Grimes defaulted, a judgment was taken against him, and he does not appeal.

Largent answered by general demurrer, special exceptions, and by special plea the substance of which will be hereafter set out. Plaintiff, by supplemental petition, excepted to the special defense. The exception was .overruled and the facts involved in the execution of the original note and each of its renewals were fully developed.

In a trial before the court without a jury, judgment was rendered in favor of the plaintiff against R. I. Grimes, but recovery was denied as against Largent. To this portion of the judgment the plaintiff excepted and prosecutes appeal. Plaintiff requested findings of fact and conclusions of law, which are embraced in the transcript.

Largent’s special defense is in substance that the notes sued on were given by him in renewal and extension of a note originally executed by Emmett Grimes, et ah, to plaintiff’s predecessor, Farmers State Bank of Merkel, for money procured by said Emmett Grimes for his own benefit; that after Emmett Grimes executed the note originally to said Bank of Merkel, the bank examiner disapproved the credit statement of E. T. Grimes, and demanded that his note be collected, secured by collateral or additional indorsements, or charged out of the assets of the bank. That the maker was not able to pay it and the bank was not able to charge it out. That for the purpose of enabling the bank to carry the note as an apparent real asset of the bank, thus satisfying the bank examiner, the president or executive officers of the old bank requested the defendant Largent to sign the note with the express understanding and agreement that he would not be called upon to pay the same and that it was merely for the benefit and accommodation of the old bank, Farmers State Bank of Merkel; that at such time W. L. Diltz, the vice president of the old bank, also informed this defendant that the bank was not then in a’position to charge off the note; that Emmett Grimes was not in a position to pay the same, but that as soon as the bank could make arrangements to eliminate the note from the assets of the bank, either by Emmett Grimes paying same or by the bank’s charging it out of the assets of the bank, such would be done.
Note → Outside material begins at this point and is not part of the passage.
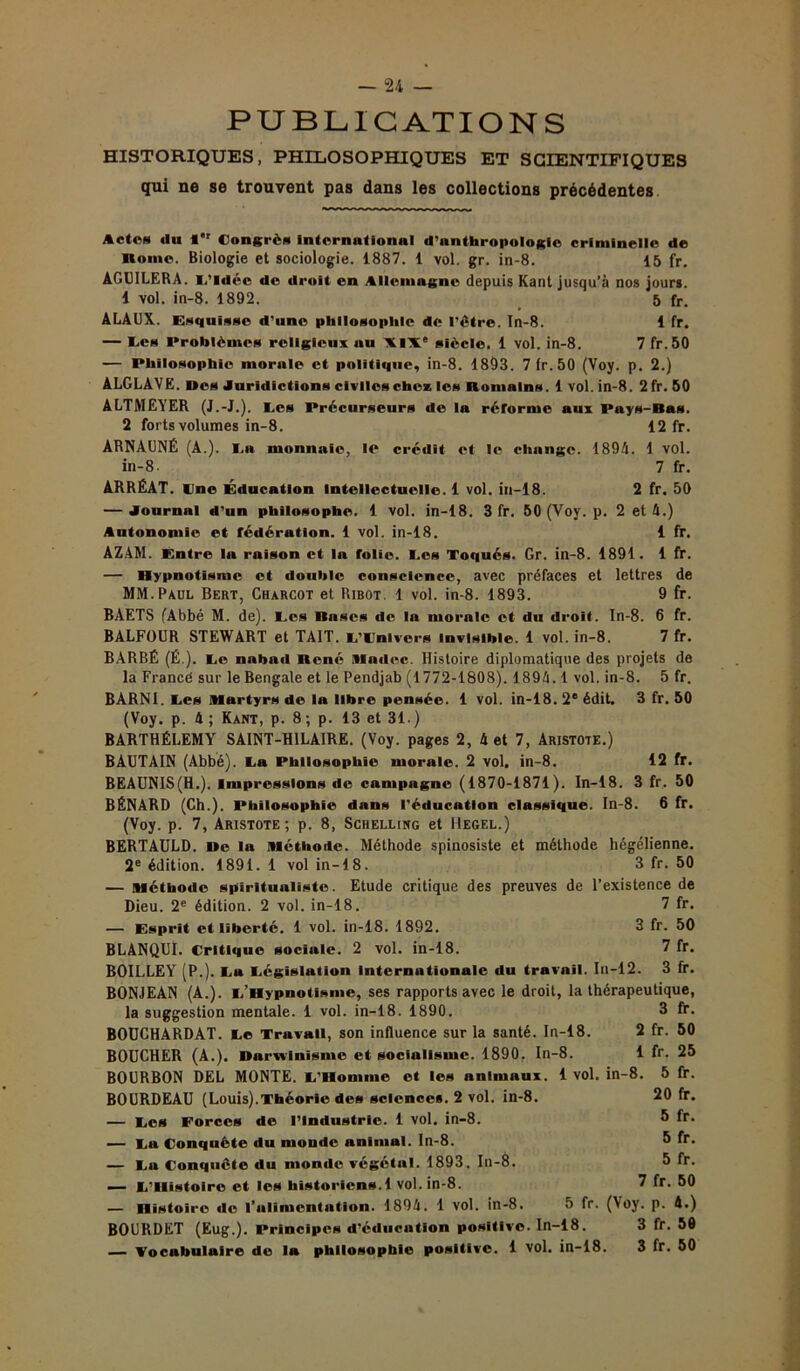 PUBLICATIONS HISTORIQUES, PHILOSOPHIQUES ET SCIENTIFIQUES qui ne se trouvent pas dans les collections précédentes Actes du l*1 Congrès intcrnationnl d'anthropologie criminelle de Home. Biologie et sociologie. 1887. 1 vol. gr. in-8. 15 fr. AGUILERA. L'idée de droit en Allemagne depuis Kant jusqu’à nos jours. 1 vol. in-8. 1892. 5 fr. ALAUX. Esquisse d’une philosophie de l'être. In-8. 1 fr. — Ces Problèmes religieux nu XIXe siècle. 1 vol. in-8. 7 fr.50 — Philosophie morale et politique, in-8. 1893. 7 lr.50 (Voy. p. 2.) ALGLÂVE. Des Juridictions civiles chez les Romains. 1 vol. in-8. 2 fr. 50 ALTMEYER (J.-J.). Les Précurseurs de la réforme aux Pays-Bas. 2 forts volumes in-8. 12 fr. ARNAUNÉ (A.). La monnaie, le crédit et le change. 1894. 1 vol. in-8. 7 fr. ARRÉAT. line Éducation Intellectuelle. 1 vol. in—18. 2 fr. 50 — Journal d’un philosophe. 1 vol. in-18. 3 fr. 50 (Voy. p. 2 et 4.) Autonomie et fédération. 1 vol. in-18. 1 fr. ÂZ.4M. Entre la raison et la folie. I.es Toqués. Gr. in-8. 1891. 1 fr. — Hypnotisme et double conscience, avec préfaces et lettres de MM. Paul Bert, Charcot et Ribot. 1 vol. in-8. 1893. 9 fr. BAETS (Abbé M. de). I.es Bases de la morale et du droit. In-8. 6 fr. BALFOUR STEWART et TAIT. L’Univers invisible. 1 vol. in-8. 7 fr. BARBÉ (É ). Ce nabad René Madré. Histoire diplomatique des projets de la Francé sur le Bengale et le Pendjab (1772-1808). 1894.1 vol. in-8. 5 fr. BARNI. Ces Martyrs de la libre pensée. 1 vol. in-18. 2e édit. 3 fr. 50 (Voy. p. 4 ; Kant, p. 8 ; p. 13 et 31.) BARTHÉLEMY SAINT-HILAIRE. (Voy. pages 2, 4 et 7, Aristote.) BAUTAIN (Abbé). La Philosophie morale. 2 vol. in-8. 12 fr. BEAUNIS(H.). Impressions de campagne (1870-1871). In-18. 3 fr. 50 BÉNARD (Ch.). Philosophie dans l'éducation classique. In-8. 6 fr. (Voy. p. 7, Aristote; p. 8, Schelling et Hegel.) BERTAULD. De la Méthode. Méthode spinosiste et méthode hégélienne. 2e édition. 1891. 1 vol in-18. 3 fr. 50 — Méthode spiritualiste. Etude critique des preuves de l’existence de Dieu. 2e édition. 2 vol. in-18. 7 fr. — Esprit et liberté. 1 vol. in-18. 1892. 3 fr. 50 BLANQUI. Critique sociale. 2 vol. in-18. 7 fr. BOILLEY (P.). Lu Législation internationale du travail. In-12. 3 fr. BONJEAN (A.). L’Hypnotisme, ses rapports avec le droit, la thérapeutique, la suggestion mentale. 1 vol. in-18. 1890. 3 fr. BOUCHARDAT. Le Travail, son influence sur la santé. In-18. 2 fr. 50 BOUCHER (A.). Darwinisme et socialisme. 1890. In-8. 1 fr. 25 BOURBON DEL MONTE. L'Homme et les animaux. 1 vol. in-8. 5 fr. BOURDEAU (Louis).Théorie des sciences. 2 vol. in-8. 20 fr. — Les Forces de l’Industrie. 1 vol. in-8. 5 fr. — La Conquête du monde animal. In-8. 5 fr* — La Conquête du monde végétal. 1893. In-8. 5 fr. — L’Histoire et les historiens. 1 vol. in-8. 7 fr. 50 — Histoire de l'alimentation. 1894. 1 vol. in-8. 5 fr. (Voy. p. 4.) BOURDET (Eug.). Principes d’éducation positive. In-18. 3 fr. 50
That upon such understanding he signed the note as accommodation to the bank, without obtaining any of the money procured upon it originally by Emmett Grimes. That he received no benefits from either the bank or Emmett Grimes, and signed the note or the renewals thereof strictly as an accommodation to the bank and to give the asset the appearance of having a real value in view of an impending bank examination. That at.no time did E. T. Grimes ever request the defendant to sign said note or any renewal thereof.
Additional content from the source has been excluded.